#### YOUR OBJECTIVE:
Which lines of the entries contain the word "Immigrants"? Please list them.
[DATA SUPPLIED]
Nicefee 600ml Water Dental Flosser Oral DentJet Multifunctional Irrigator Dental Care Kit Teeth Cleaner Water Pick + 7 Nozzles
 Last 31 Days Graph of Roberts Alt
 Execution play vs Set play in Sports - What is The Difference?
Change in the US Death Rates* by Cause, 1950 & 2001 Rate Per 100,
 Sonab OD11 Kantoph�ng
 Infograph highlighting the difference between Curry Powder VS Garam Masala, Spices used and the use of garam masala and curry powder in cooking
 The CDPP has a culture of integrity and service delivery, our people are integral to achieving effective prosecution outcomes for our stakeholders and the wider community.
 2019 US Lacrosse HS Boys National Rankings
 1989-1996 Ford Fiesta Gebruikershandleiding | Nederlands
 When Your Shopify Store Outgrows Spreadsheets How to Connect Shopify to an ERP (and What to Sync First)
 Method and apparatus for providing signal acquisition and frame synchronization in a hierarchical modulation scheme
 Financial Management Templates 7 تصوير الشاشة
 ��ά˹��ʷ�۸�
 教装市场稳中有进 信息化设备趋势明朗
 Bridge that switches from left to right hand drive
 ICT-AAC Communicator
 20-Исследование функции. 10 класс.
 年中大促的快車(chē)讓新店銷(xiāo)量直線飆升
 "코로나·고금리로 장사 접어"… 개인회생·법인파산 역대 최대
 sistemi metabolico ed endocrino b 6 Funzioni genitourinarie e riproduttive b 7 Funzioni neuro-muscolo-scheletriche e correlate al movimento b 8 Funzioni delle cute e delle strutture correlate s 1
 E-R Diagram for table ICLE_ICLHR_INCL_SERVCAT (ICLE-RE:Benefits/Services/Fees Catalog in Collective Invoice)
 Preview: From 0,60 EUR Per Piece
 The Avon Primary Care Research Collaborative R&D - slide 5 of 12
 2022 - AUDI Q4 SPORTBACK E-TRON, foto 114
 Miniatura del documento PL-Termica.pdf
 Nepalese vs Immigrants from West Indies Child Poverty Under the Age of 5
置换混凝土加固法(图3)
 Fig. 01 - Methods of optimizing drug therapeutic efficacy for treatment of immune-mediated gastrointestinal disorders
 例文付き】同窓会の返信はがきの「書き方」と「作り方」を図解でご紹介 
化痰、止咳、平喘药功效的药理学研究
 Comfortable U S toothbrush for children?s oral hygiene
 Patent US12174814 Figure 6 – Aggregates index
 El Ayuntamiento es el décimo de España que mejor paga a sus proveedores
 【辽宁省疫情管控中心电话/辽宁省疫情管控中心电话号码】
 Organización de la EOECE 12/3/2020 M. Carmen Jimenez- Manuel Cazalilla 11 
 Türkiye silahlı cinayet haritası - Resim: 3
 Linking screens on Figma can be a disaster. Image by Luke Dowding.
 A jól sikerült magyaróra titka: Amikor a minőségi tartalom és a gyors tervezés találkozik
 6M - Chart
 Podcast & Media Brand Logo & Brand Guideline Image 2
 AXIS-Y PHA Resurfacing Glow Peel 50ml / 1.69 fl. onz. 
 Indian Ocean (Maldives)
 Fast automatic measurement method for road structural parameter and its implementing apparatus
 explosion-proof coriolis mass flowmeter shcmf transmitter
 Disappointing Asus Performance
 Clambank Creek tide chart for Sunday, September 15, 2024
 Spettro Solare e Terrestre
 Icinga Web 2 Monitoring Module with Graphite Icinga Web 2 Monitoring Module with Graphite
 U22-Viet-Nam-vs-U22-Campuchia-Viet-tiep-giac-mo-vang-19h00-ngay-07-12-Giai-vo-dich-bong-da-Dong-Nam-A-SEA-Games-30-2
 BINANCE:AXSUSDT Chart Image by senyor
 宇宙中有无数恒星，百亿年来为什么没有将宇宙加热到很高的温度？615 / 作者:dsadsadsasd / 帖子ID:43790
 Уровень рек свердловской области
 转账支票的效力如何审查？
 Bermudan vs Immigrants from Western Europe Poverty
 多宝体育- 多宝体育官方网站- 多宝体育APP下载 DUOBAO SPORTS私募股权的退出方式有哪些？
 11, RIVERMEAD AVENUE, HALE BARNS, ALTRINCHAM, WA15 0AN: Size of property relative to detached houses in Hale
[/DATA SUPPLIED]
#### TASK OUTPUT:
 Nepalese vs Immigrants from West Indies Child Poverty Under the Age of 5
 Bermudan vs Immigrants from Western Europe Poverty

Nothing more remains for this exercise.